# DreamBooth for MNIST Digit Generation

This notebook explores **DreamBooth**, a powerful fine-tuning technique for diffusion models, adapted for MNIST digit generation.

## What is DreamBooth?

**DreamBooth** is a training technique that teaches a diffusion model to generate images of a specific subject using only a few example images (3-5 typically). The key innovation is:

1. **Unique Identifier**: You bind a special token (e.g., `[sks]`) to your subject in text prompts
2. **Full Model Fine-tuning**: Unlike LoRA or textual inversion, DreamBooth updates the entire UNet (and optionally the text encoder)
3. **Prior Preservation**: Uses the model's own generated images of the general class to prevent overfitting and language drift

### How it works:
- **Instance Prompt**: `"a photo of sks dog"` (where `sks` is your unique identifier)
- **Class Prompt**: `"a photo of a dog"` (the general class)
- **Loss Function**: Combines reconstruction loss on your images + prior preservation loss on class images

### For MNIST:
We'll adapt this to teach a model to generate specific styles/variations of digits. For example:
- Train on a few examples of a specific handwriting style
- Generate new digits in that style

**References:**
- [HuggingFace DreamBooth Docs](https://huggingface.co/docs/diffusers/en/training/dreambooth)
- [Original Paper](https://arxiv.org/abs/2208.12242)
- [train_dreambooth.py](https://github.com/huggingface/diffusers/blob/main/examples/dreambooth/train_dreambooth.py)

## 1. Setup and Imports

In [None]:
import torch
import torch.nn.functional as F
from torch.utils.data import Dataset, DataLoader
import torchvision
from torchvision import transforms
from PIL import Image
import numpy as np
import matplotlib.pyplot as plt
from pathlib import Path
from tqdm.auto import tqdm
import math

# Diffusers imports
from diffusers import DDPMScheduler, UNet2DModel, DDPMPipeline
from diffusers.optimization import get_cosine_schedule_with_warmup

# Check device
device = torch.device("cuda" if torch.cuda.is_available() else "mps" if torch.backends.mps.is_available() else "cpu")
print(f"Using device: {device}")

## 2. Load and Prepare MNIST Dataset

We'll load MNIST and extract a few examples of a specific digit to use as our "instance" images.

In [None]:
# Load MNIST from the default huggingface cache

mnist_train = torchvision.datasets.MNIST(
    root="~/.cache/huggingface/datasets/MNIST",
    train=True,
    download=True,
    transform=transforms.ToTensor()
)

mnist_test = torchvision.datasets.MNIST(
    root="~/.cache/huggingface/datasets/MNIST",
    train=False,
    download=True,
    transform=transforms.ToTensor()
)

print(f"Training samples: {len(mnist_train)}")
print(f"Test samples: {len(mnist_test)}")

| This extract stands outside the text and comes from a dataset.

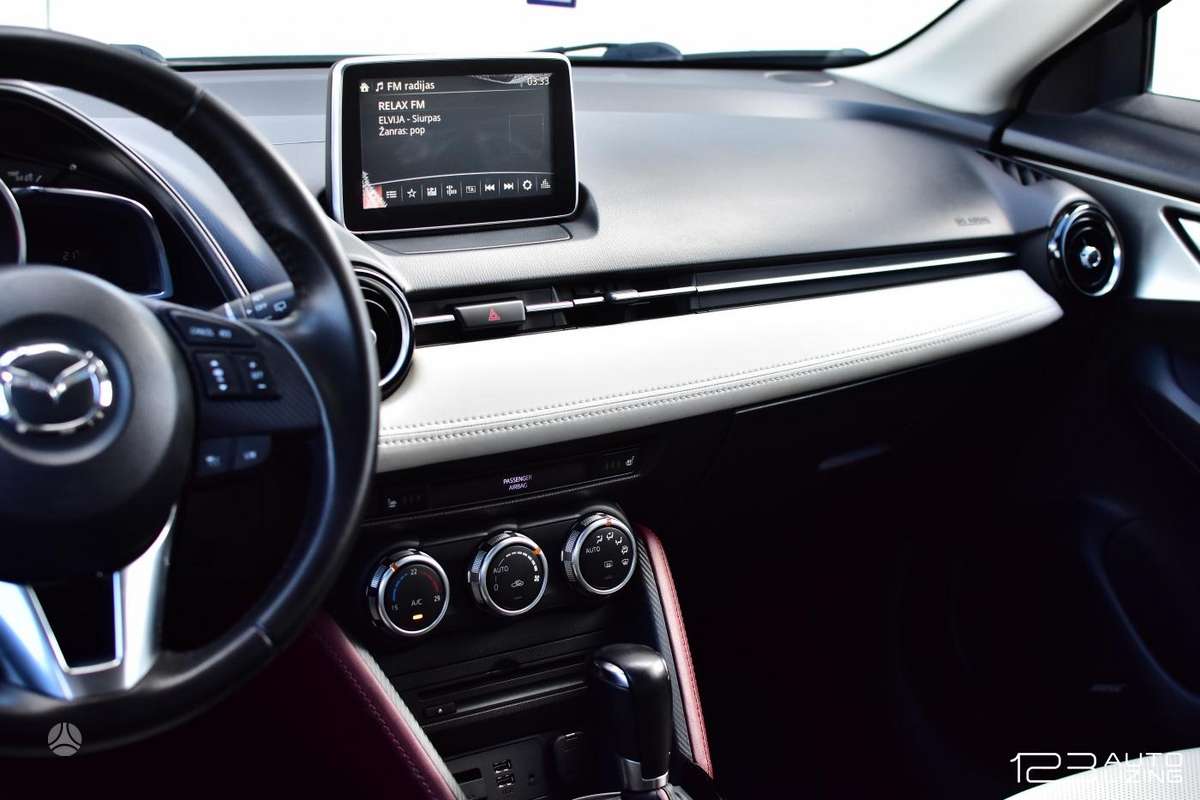 Mazda CX-3, 2.0 l., Внедорожник / Кроссовер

### Select Instance Images

Let's pick a specific digit (e.g., digit "3") and select a few instances to represent our "subject".

In [None]:
# Configuration
TARGET_DIGIT = 3  # The digit we want to personalize
NUM_INSTANCE_IMAGES = 5  # How many examples to use (DreamBooth typically uses 3-5)
IMAGE_SIZE = 32  # We'll resize MNIST to 32x32 for compatibility with standard diffusion models

# Find instances of our target digit
instance_indices = [i for i, (img, label) in enumerate(mnist_train) if label == TARGET_DIGIT][:NUM_INSTANCE_IMAGES]
instance_images = [mnist_train[i][0] for i in instance_indices]

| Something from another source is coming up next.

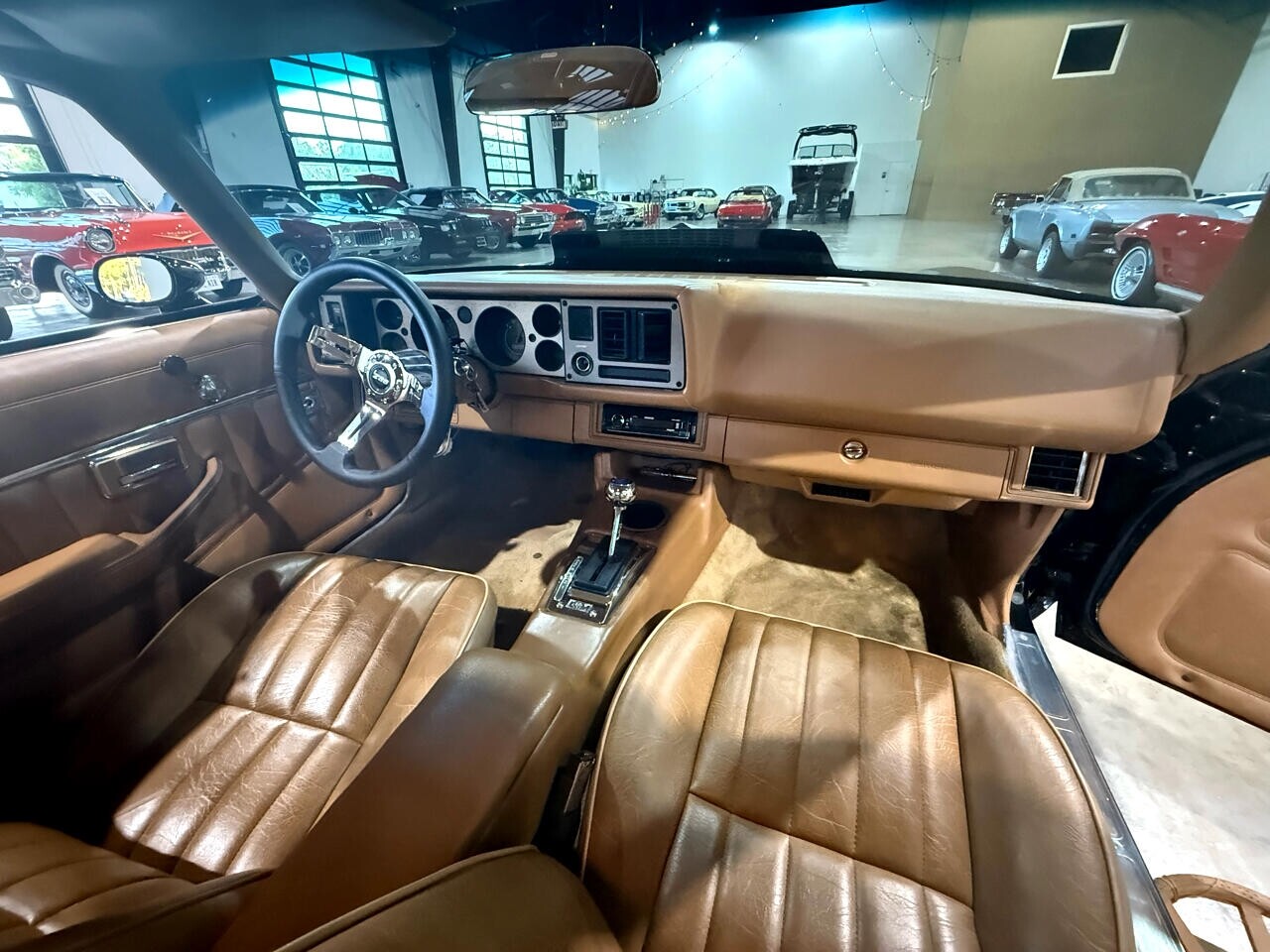 Chevrolet-Camaro-1979-American-Muscle-Car-21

# Visualize our instance images
fig, axes = plt.subplots(1, NUM_INSTANCE_IMAGES, figsize=(15, 3))
fig.suptitle(f'Instance Images: Digit {TARGET_DIGIT} (Our "Subject")', fontsize=14, fontweight='bold')
for idx, (ax, img) in enumerate(zip(axes, instance_images)):
    ax.imshow(img.squeeze(), cmap='gray')
    ax.set_title(f'Instance {idx+1}')
    ax.axis('off')
plt.tight_layout()
plt.show()

### Prepare Class Images

For prior preservation, we need images of the general class (all digits).

In [None]:
NUM_CLASS_IMAGES = 100  # Number of class images for prior preservation

# Get random images from all digits (excluding our specific instances)
class_indices = [i for i in range(len(mnist_train)) if i not in instance_indices][:NUM_CLASS_IMAGES]
class_images = [mnist_train[i][0] for i in class_indices]
class_labels = [mnist_train[i][1] for i in class_indices]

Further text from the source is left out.